How predictive can be predictions in the neurocognitive processing of auditory and audiovisual speech? A deep learning study.

BioRxiv : the Preprint Server for Biology
Thomas HueberJean-Luc Schwartz


Sensory processing is increasingly conceived in a predictive framework in which neurons would constantly process the error signal resulting from the comparison of expected and observed stimuli. Surprisingly, few data exist on the amount of predictions that can be computed in real sensory scenes. Here, we focus on the sensory processing of auditory and audiovisual speech.

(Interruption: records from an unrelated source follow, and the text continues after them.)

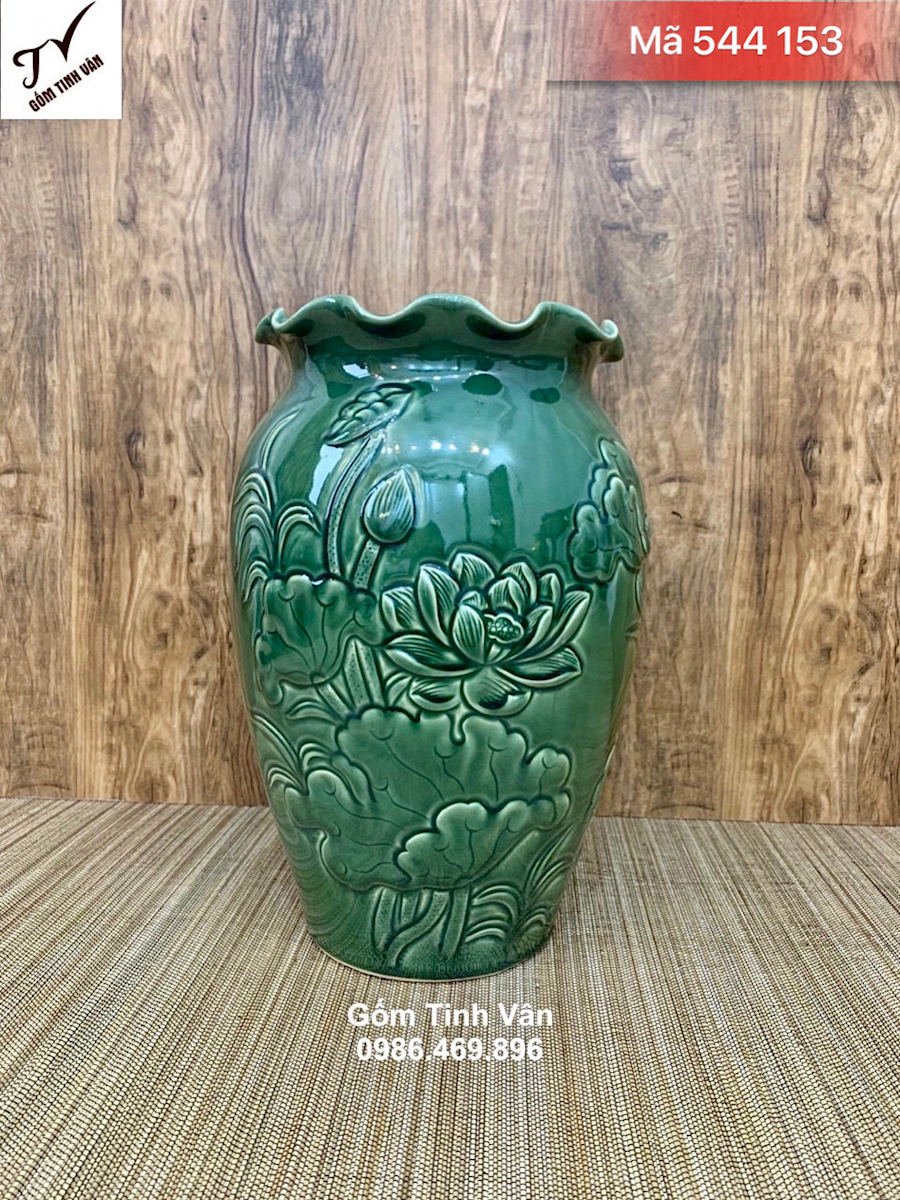 Bình gốm nghệ thuật, mã 544153, miệng lượn sóng mềm mại, hoa sen đắp nổi 3D, cao 28 cm, men xanh ngọc lục bảo, gốm bát tràng cao cấp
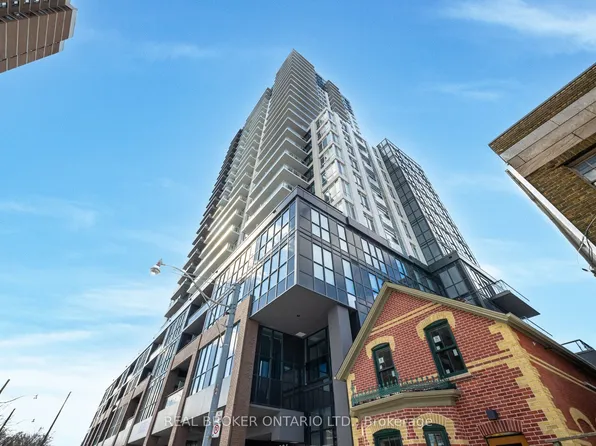 286 Main St #2602, Toronto, ON M4C 0B3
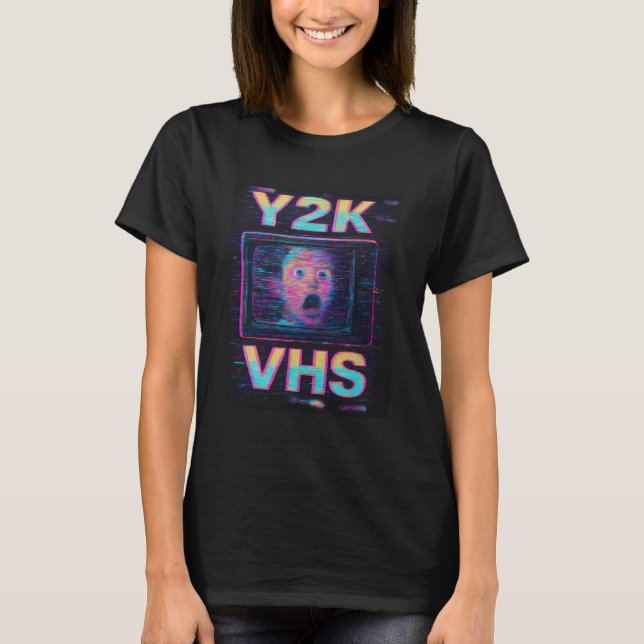 Y2K VHS Glitch T-Shirt – Surreal Static Face (Framsida)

We propose a set of computational models based on artificial neural networks (mixing deep feed-forward and convolutional networks) which are trained to predict future audio observations from 25ms to 250ms past audio or audiovisual observations (i.e. including lip movements). Experiments are conducted on the multispeaker NTCD-TIMIT audiovisual speech database. Predictions are efficient in a short temporal range (25-50ms), predicting 40 to 60% of the variance of the incoming stimulus, which could result in potentially saving up to 2/3 of the processing power. Then they quickly decrease to vanish after 100ms. Adding information on the lips slightly improves predictions, with a 5 to 10% increase in explained variance. Interestingly the visual gain vanishes more slowly, and the gain is maximum for a delay of 75ms between image and predicted sound.